Menurutnya, dinas teknis yang bertanggung jawab terhadap pengelolaan sampah di Gili Trawangan harus segera merespons kondisi tersebut. Emisi karbon dan polutan dari proses pembakaran dinilai tidak bisa dianggap sepele karena berpotensi mengganggu kesehatan warga dan wisatawan, serta berdampak pada citra pariwisata daerah.

“Kalau sampai keluhan ini dilontarkan langsung oleh wisatawan asing, dampaknya bisa ke mancanegara. Ini bisa mempengaruhi kenyamanan dan keamanan, maupun tingkat kunjungan di masa depan,” tegasnya.

Darmaji menambahkan, sejak awal DPRD KLU belum sepenuhnya menyetujui penggunaan insinerator sebagai solusi penanganan sampah di Gili Trawangan. Menurutnya, pembakaran pada suhu di bawah 1.000 derajat Celsius berisiko memicu munculnya dioksin dan furan yang berbahaya bagi kesehatan.

Ia juga mengungkapkan, hasil kunjungan Komisi III DPRD KLU ke Kementerian Lingkungan Hidup (KLH) belum lama ini memberikan peringatan bahwa insinerator bukan solusi jangka panjang. Selain itu, DPRD belum menerima dokumen Analisis Mengenai Dampak Lingkungan (Amdal) terkait penggunaan alat tersebut.

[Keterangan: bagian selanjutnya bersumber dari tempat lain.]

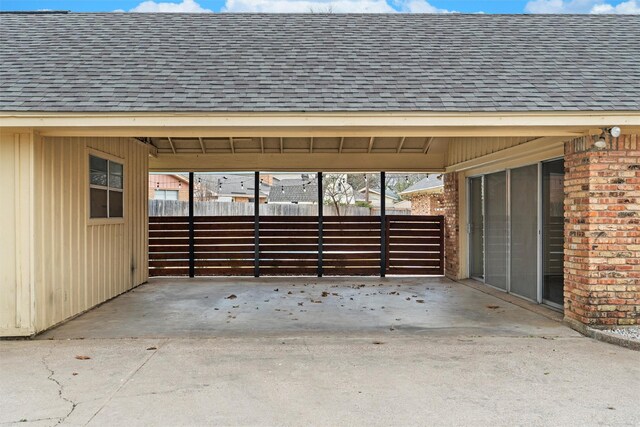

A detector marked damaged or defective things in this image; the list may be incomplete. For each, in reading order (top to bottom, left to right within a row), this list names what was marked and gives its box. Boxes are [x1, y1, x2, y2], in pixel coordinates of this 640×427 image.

“Kementerian LH sudah me-warning, insinerator bukan solusi. Jangan sampai selesaikan masalah lama dengan memunculkan masalah baru berupa emisi gas karbon dan polutan. Dampaknya bisa lebih besar dari persoalan sampah itu sendiri,” ujarnya.

Sebagai tindak lanjut, Komisi III DPRD KLU berencana menjadwalkan kunjungan lapangan ke TPST Gili Trawangan guna memastikan tidak ada potensi bahaya dari metode pengolahan sampah yang diterapkan.

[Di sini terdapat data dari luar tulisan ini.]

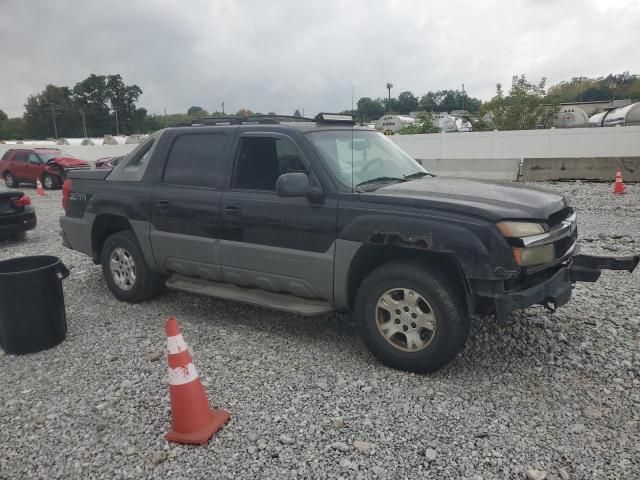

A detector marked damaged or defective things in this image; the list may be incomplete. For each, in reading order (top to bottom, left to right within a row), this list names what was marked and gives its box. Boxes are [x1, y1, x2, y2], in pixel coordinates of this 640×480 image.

front bumper damage [492, 253, 636, 320]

Sementara itu, Kepala UPTD BLUD Persampahan pada Dinas Lingkungan Hidup KLU, Fathurrahman Wiratmo, mengakui bahwa insinerator yang tersedia di TPST Gili Trawangan masih dalam tahap uji coba. Ia menyebut pihaknya belum menerima laporan resmi terkait keluhan asap sebagaimana yang disampaikan DPRD.

“Belum ada (keluhan), kemarin-kemarin memang dihidupkan untuk uji coba alat,” ujarnya.

Wiratmo menjelaskan, insinerator yang digunakan merupakan satu unit alat bantuan dari BKKBN dan dioperasikan menggunakan tenaga listrik. Hasil uji coba tersebut masih menunggu konfirmasi dari Kementerian Kelautan dan Perikanan (KKP) terkait uji baku mutu emisi.

Untuk aspek kajian lingkungan, pihak dinas menggunakan dokumen UKL/UPL yang saat ini sedang dalam proses pembahasan perubahan oleh KKP.